== Supplied data ==

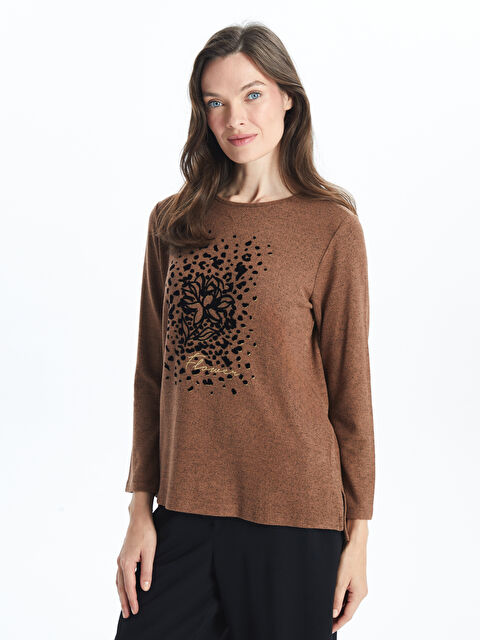 LCW Grace Bisiklet Yaka Desenli Kadın Bluz - W4DP04Z8-R1Q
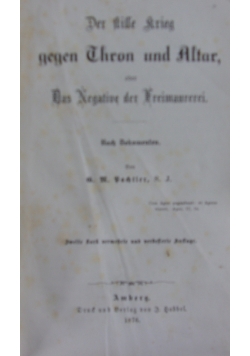 Der Stille Krieg gegen Thron und Altar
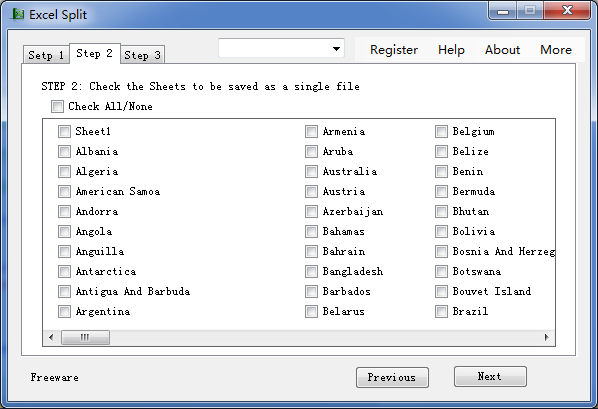 Split Excel 1.0.2.11 software screenshot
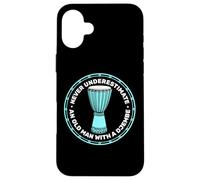 Umorismo Divertente per Uomini Batteristi Djembe o Vecchio Custodia per iPhone 16 Plus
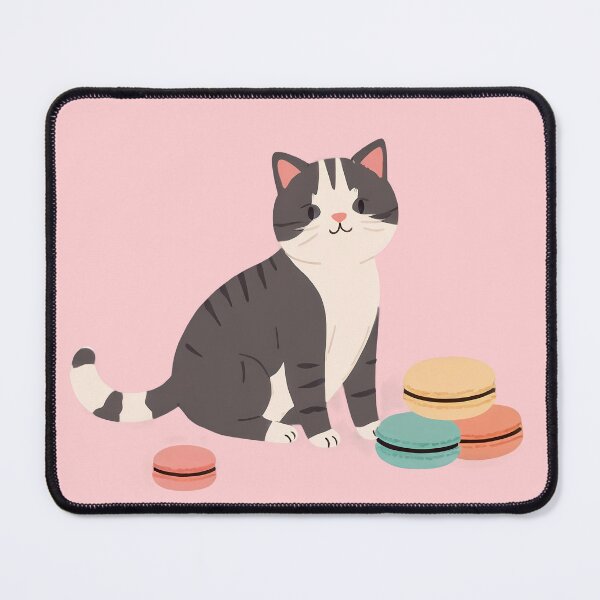 Item preview, Cute kitty and macaroons designed and sold by WoollenLlama.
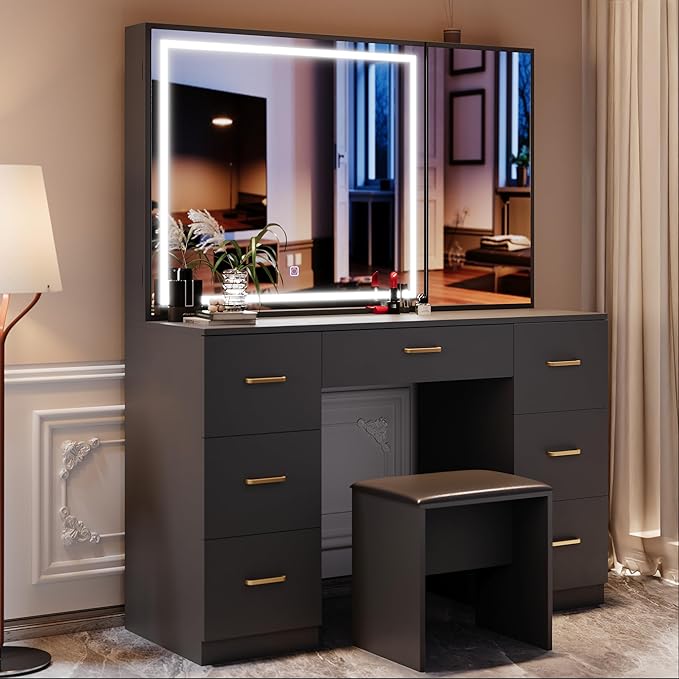 Makeup Vanity Desk with Large Mirror and LED Lights,Vanity Stool&Storage Bench,White Vanity with Hidden Storage Mirror Cabinet&7 Drawers,Makeup Organizer Countertop for Room (Black)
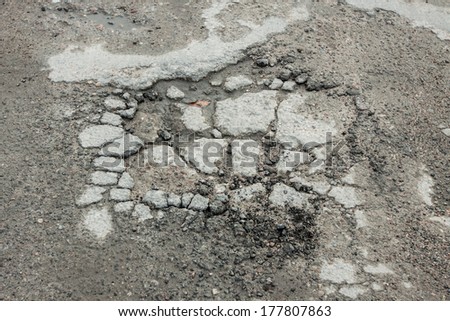 A hole in the asphalt road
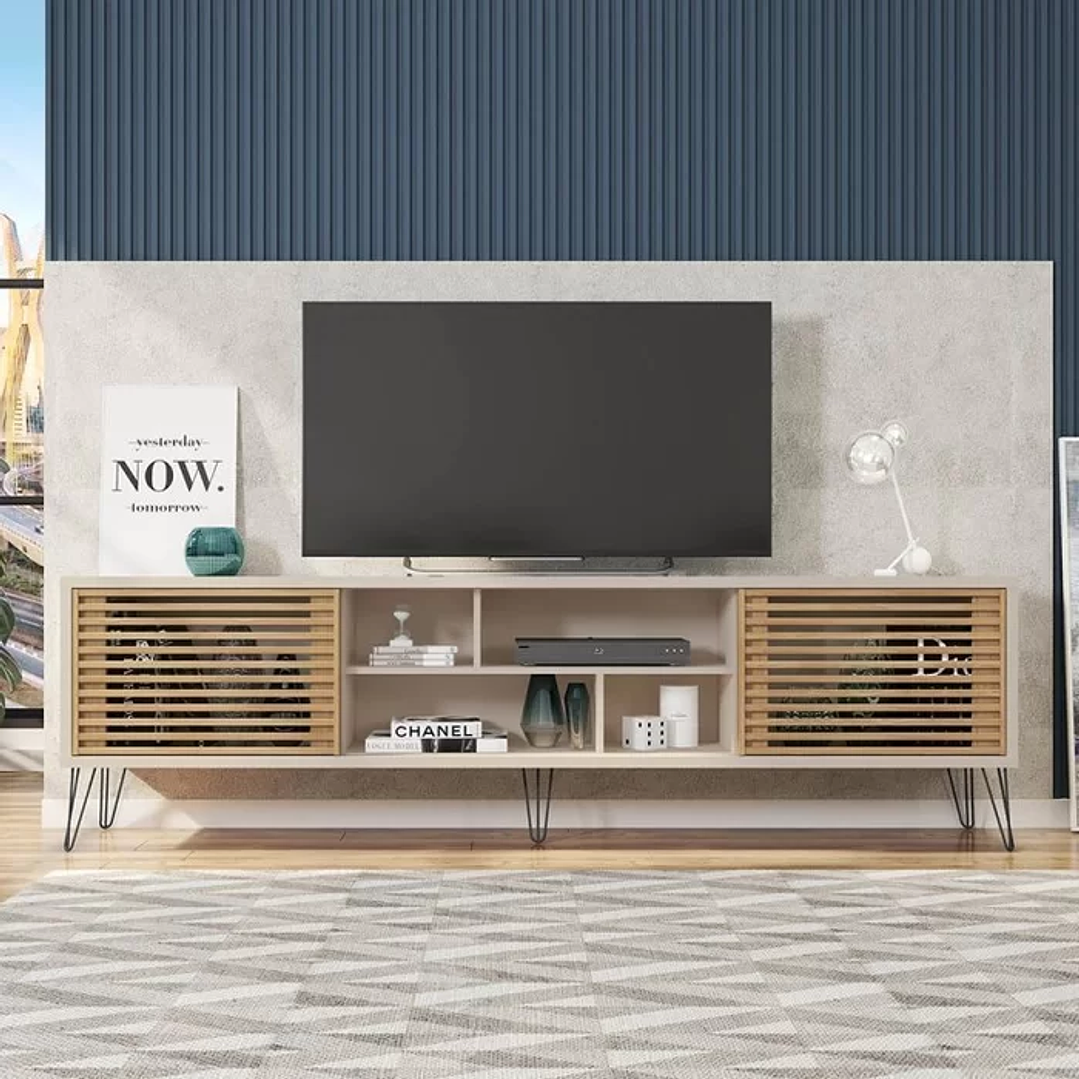 Rack com Painel para TV até 82 Polegadas 2 Portas 4 Nichos Multiverso Off White/Buriti 9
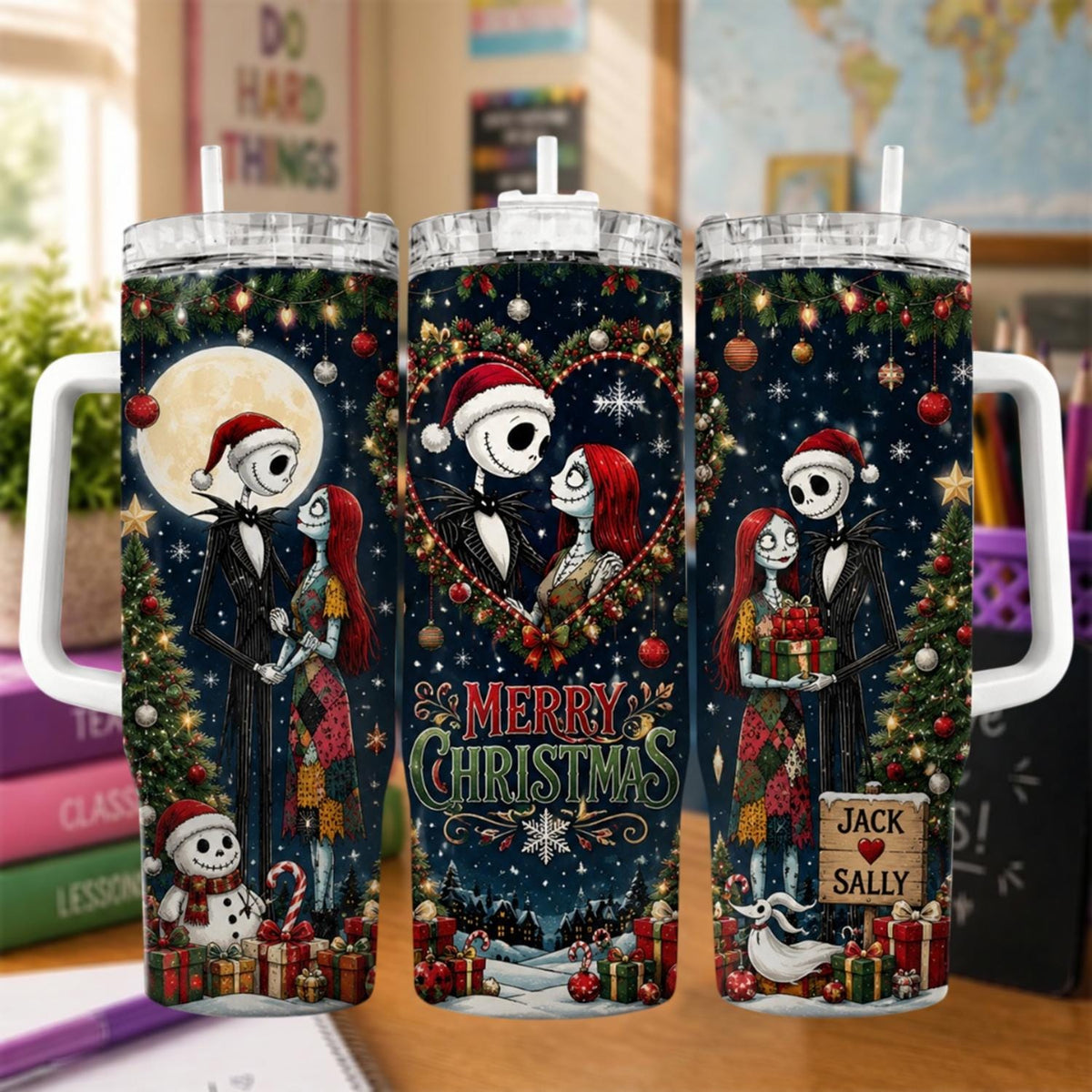Personalized Horror Couple Tumbler 40oz, Custom Christmas Couple Cup With Handle, Merry Christmas Tumbler, Nightmare Holiday Gift
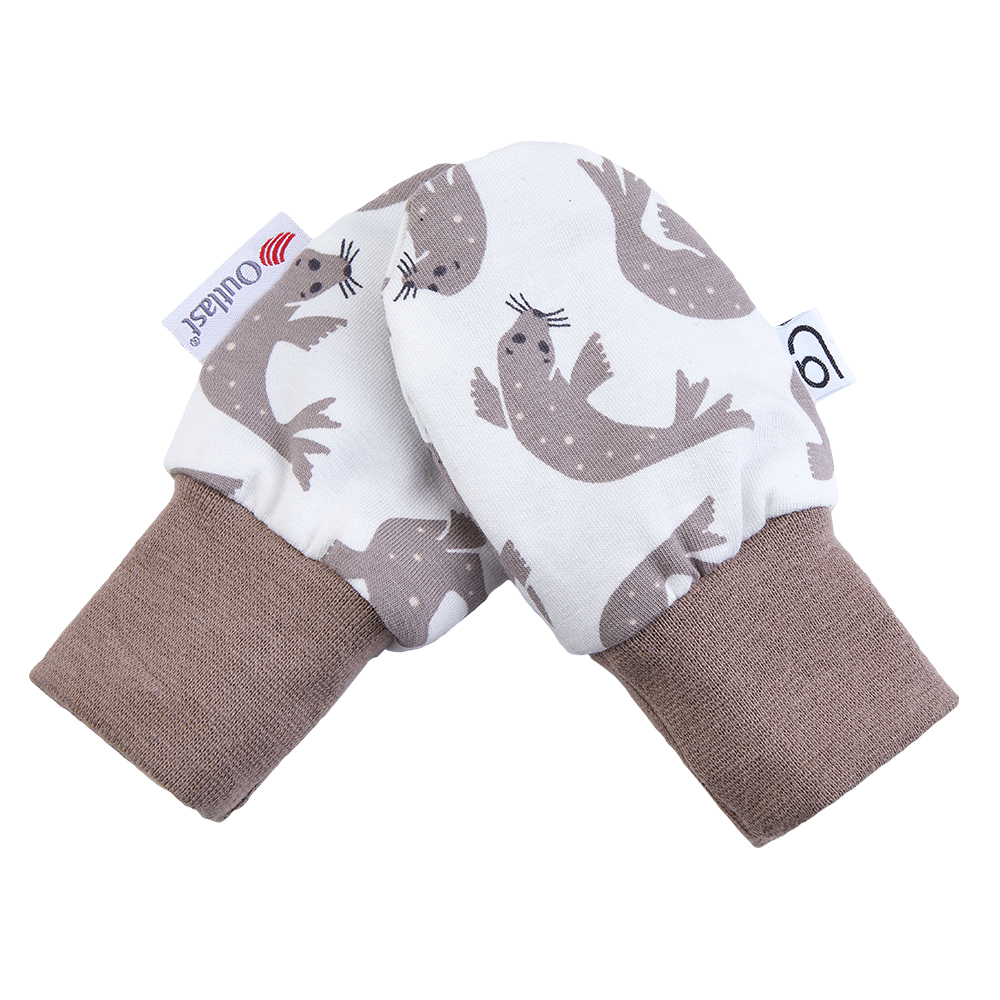 Novorozenecká sada BIO smyk Outlast® - bílá hnědý tuleň/oříšková 56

== Problem to work on ==
To complete this exercise, transcribe exactly the lines above from the one that holds "Umorismo Divertente per" through the one that holds "Personalized Horror Couple". Pictures stay out.

== Response box ==
 Umorismo Divertente per Uomini Batteristi Djembe o Vecchio Custodia per iPhone 16 Plus
 Item preview, Cute kitty and macaroons designed and sold by WoollenLlama.
 Makeup Vanity Desk with Large Mirror and LED Lights,Vanity Stool&Storage Bench,White Vanity with Hidden Storage Mirror Cabinet&7 Drawers,Makeup Organizer Countertop for Room (Black)
 A hole in the asphalt road
 Rack com Painel para TV até 82 Polegadas 2 Portas 4 Nichos Multiverso Off White/Buriti 9
Personalized Horror Couple Tumbler 40oz, Custom Christmas Couple Cup With Handle, Merry Christmas Tumbler, Nightmare Holiday Gift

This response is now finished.